WORK ITEM
Set down every entry word for word. Omit the pictures.

EXTRACTED DATA
..............................
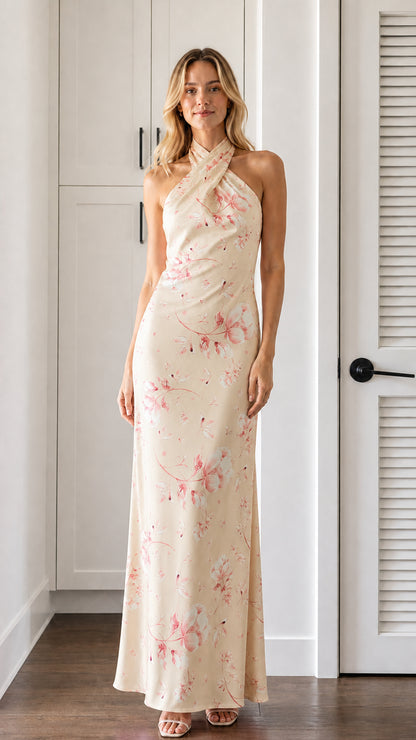 Front view of model wearing cream floral halter neck maxi dress
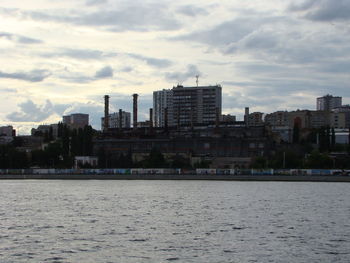 Sea by buildings against sky in city
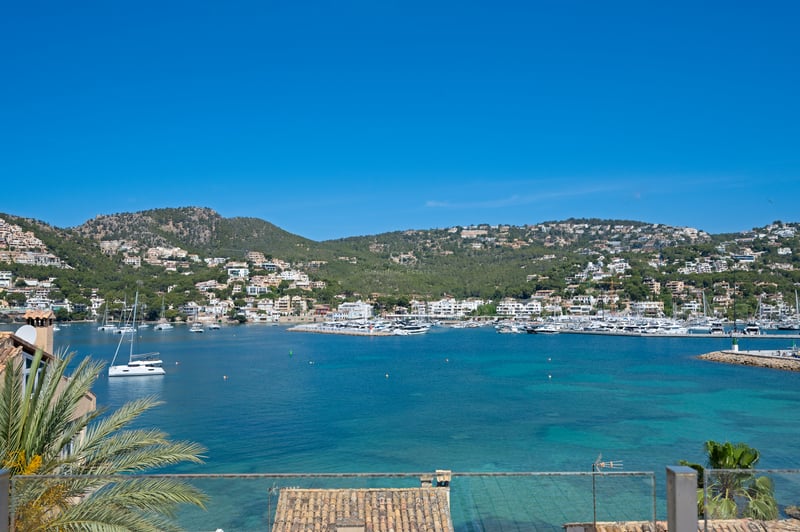 Vue en plongée d'un port méditerranéen turquoise rempli de yachts, entouré de collines vertes et de villas blanches.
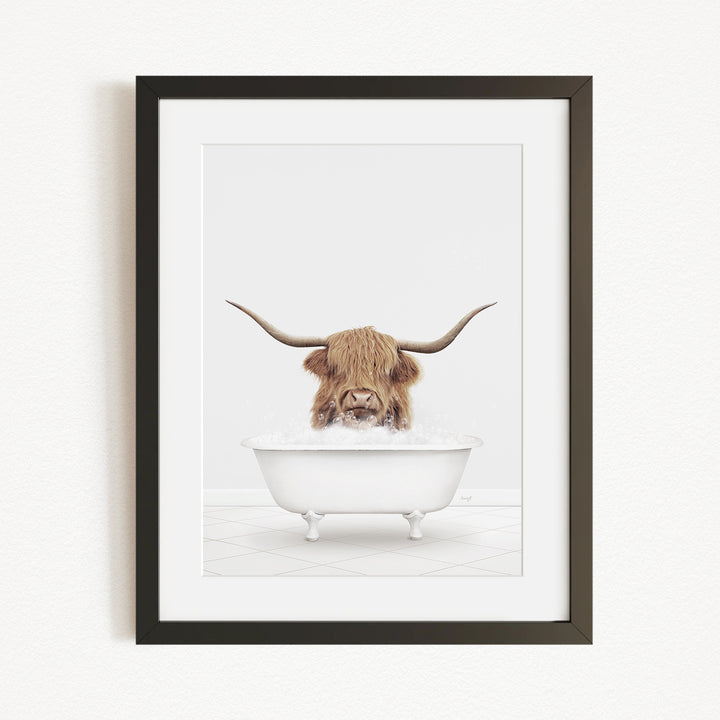 A framed image depicting a Highland cow with long horns sitting in a white bathtub filled with water.
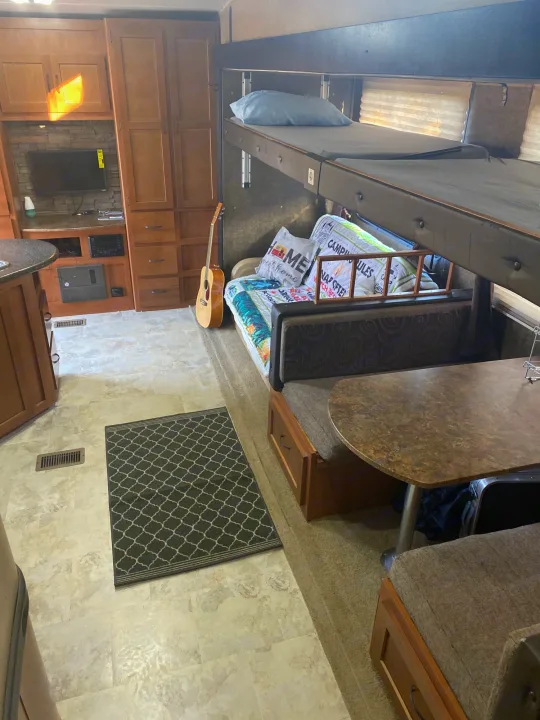 Bunk beds , kitchen table , sofa bed . Forest River Cherokee Grey Wolf 2014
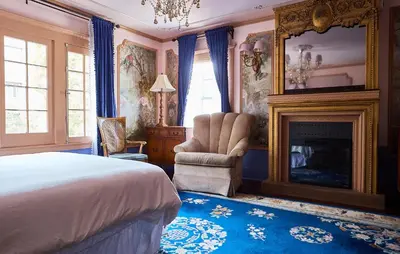 a bedroom with a bed and a fireplace and a chair at Hollywood Home in Los Angeles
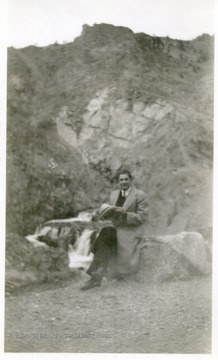 Joe Ozanic sitting on a rock on a hillside.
..............................
REPLY
 Front view of model wearing cream floral halter neck maxi dress
 Sea by buildings against sky in city
 Vue en plongée d'un port méditerranéen turquoise rempli de yachts, entouré de collines vertes et de villas blanches.
 A framed image depicting a Highland cow with long horns sitting in a white bathtub filled with water.
 Bunk beds , kitchen table , sofa bed . Forest River Cherokee Grey Wolf 2014
 a bedroom with a bed and a fireplace and a chair at Hollywood Home in Los Angeles
 Joe Ozanic sitting on a rock on a hillside.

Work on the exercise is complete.